The State Department's top lawyers are systematically removing the word "genocide" to describe the Islamic State's mass slaughter of Christians, Yazidis, and other ethnic minorities in Iraq and Syria from speeches before they are delivered and other official documents, according to human rights activists and attorneys familiar with the policies.
Additionally, Democratic senators are delaying confirmation of Mark Green, Trump's pick to head the U.S. Agency for International Development who has broad bipartisan support.
These efforts guarantee that Obama-era policies that worked to exclude Iraq's Christian and other minority religious populations from key U.S. aid programs remain in place, the activists said.
Richard Visek, who was appointed by President Obama as head the State Department's Office of Legal Adviser in October 2016, is behind the decision to remove the word "genocide" from official documents, according to Nina Shea, an international human rights lawyer who directs the Hudson Institute's Center for Religious Freedom.

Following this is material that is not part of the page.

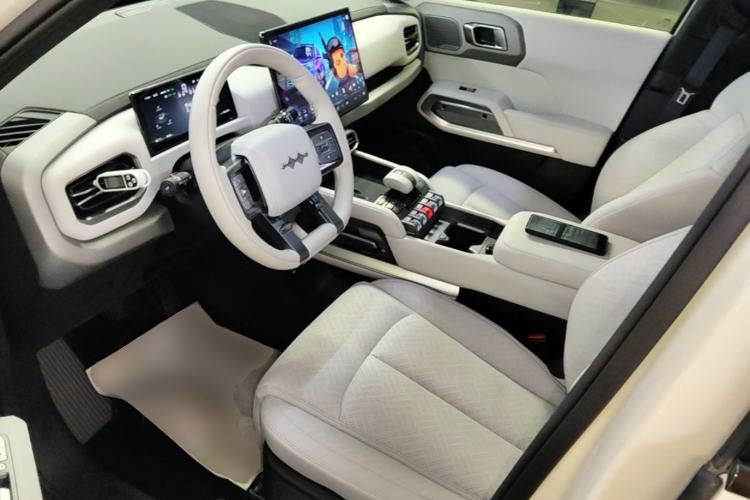 Used Formula Leopard Titanium 3 2025 501KM All-Wheel Drive Intelligent Driving Ultra Version Left Front Seat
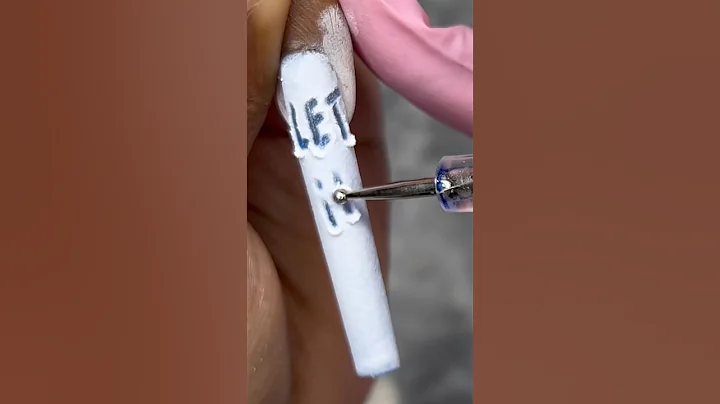 You NEED to try this ! 💅🏽❄️ #christmasnails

"I don't think for a minute it's a bureaucratic decision—it's ideological," said Shea, who also spent 12 years as a commissioner on the U.S. Commission on International Religious Freedom, or CIRF, from 1999 to 2012.
A State Department spokesman on Monday said he would look into the matter and respond.
The latest moves from the State Department's Office of the Legal Adviser appear aimed at rolling back then-Secretary of State John Kerry's March 2016 genocide determination. Kerry's much-anticipated genocide designation came after months of equivocation and detailed documentation by interested parties that the Islamic State is responsible for genocide against Yazidis, Christians, and Shia Muslims.
It was one of the few times in history that the United States designated ongoing mass murders against ethnic or religious minorities as meeting the legal definition of genocide laid out in a 1948 treaty. That agreement requires signatories, including the United States, to take steps to "prevent and punish" genocide.
A bipartisan group of Capitol Hill lawmakers and activists, including Sen. Marco Rubio (R., Fla.) and Rep. Robert Aderholt (R., Ala.) were hoping the designation would help direct millions of dollars in U.S. relief funds to Christian, Yazidi, and other persecuted religious minority communities.
ISIS murders and kidnappings have decimated the Christian population in Iraq, which numbered between 800,000 and 1.4 million in 2002, reducing it to fewer than 250,000 now. Without action, activists and charities say, Christians could disappear completely from Iraq in the near future.
After meeting with Pope Francis in May, President Trump vowed to do everything in his power to defend and protect the "historic Christian communities of the Middle East."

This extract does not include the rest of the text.